- _THE DATA_
#####
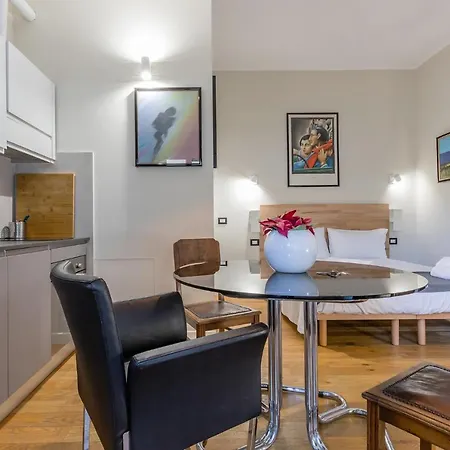 Retreats Cadorna Duomo Апартаменты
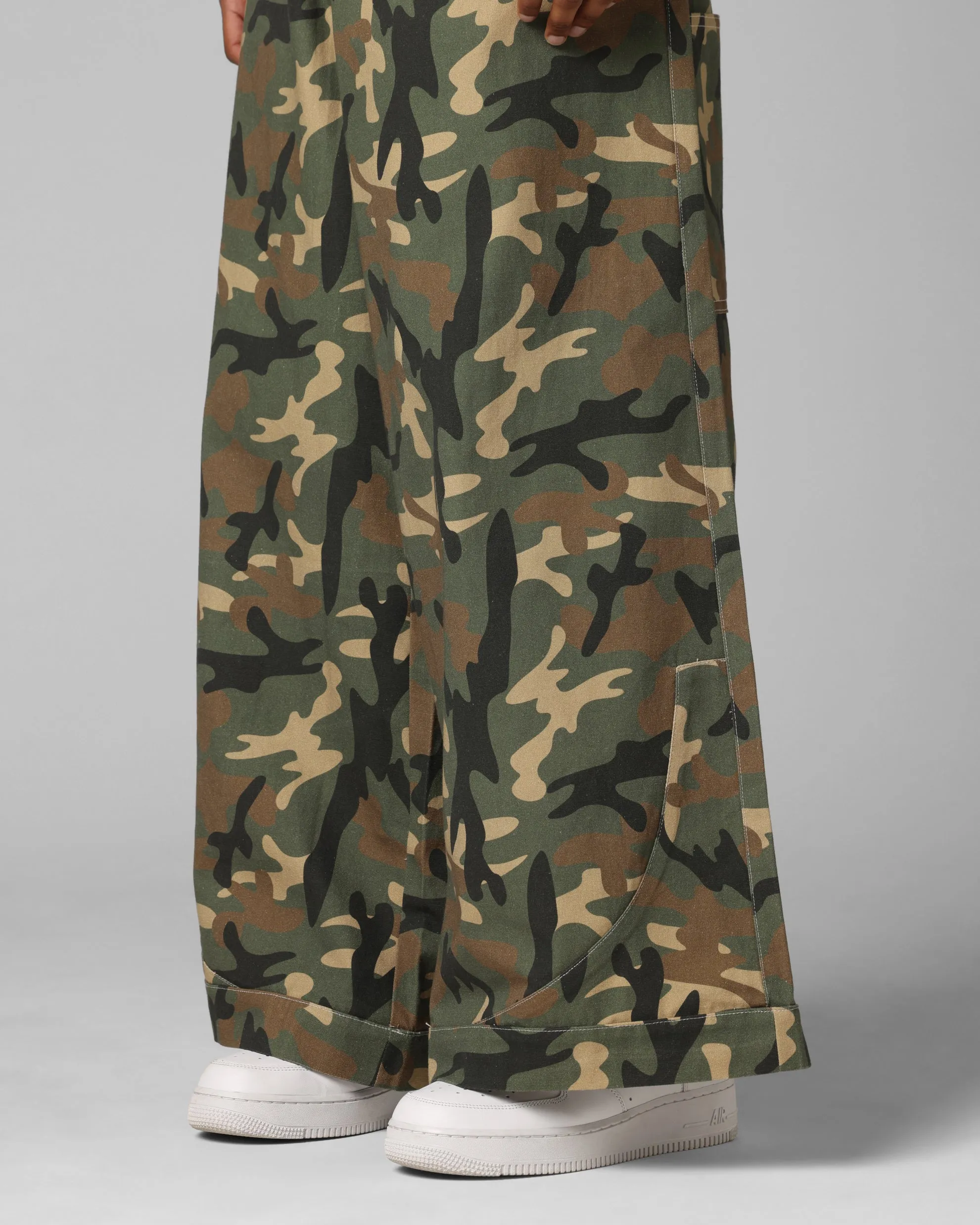 Stylish Daily Wear Parent Style Morning Stroll Streetwear Fan Loiter F-22 Raver Jeans Woodland Camo
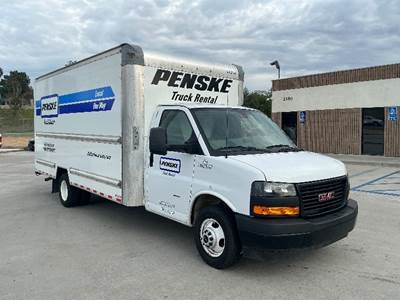GMC G33903 Box Truck - 401HP, 6 Speed Automatic, Roll up Door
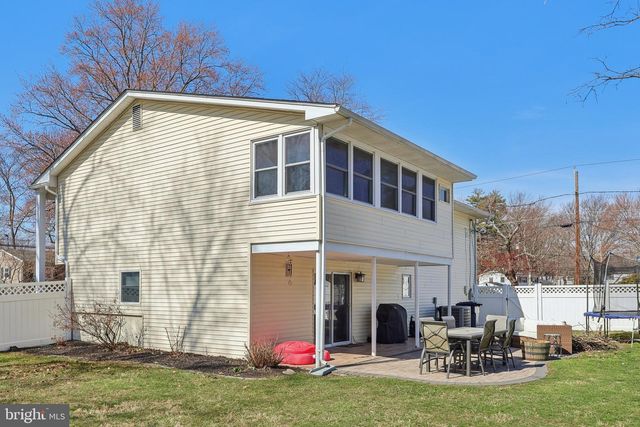 6 RYDAL DR, Lawrence Township, NJ 08648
#####
- _REQUIREMENT_
Print verbatim every line above, apart from the pictures.

- _SOLUTION TO THIS EXERCISE_
 Retreats Cadorna Duomo Апартаменты
 Stylish Daily Wear Parent Style Morning Stroll Streetwear Fan Loiter F-22 Raver Jeans Woodland Camo
GMC G33903 Box Truck - 401HP, 6 Speed Automatic, Roll up Door
 6 RYDAL DR, Lawrence Township, NJ 08648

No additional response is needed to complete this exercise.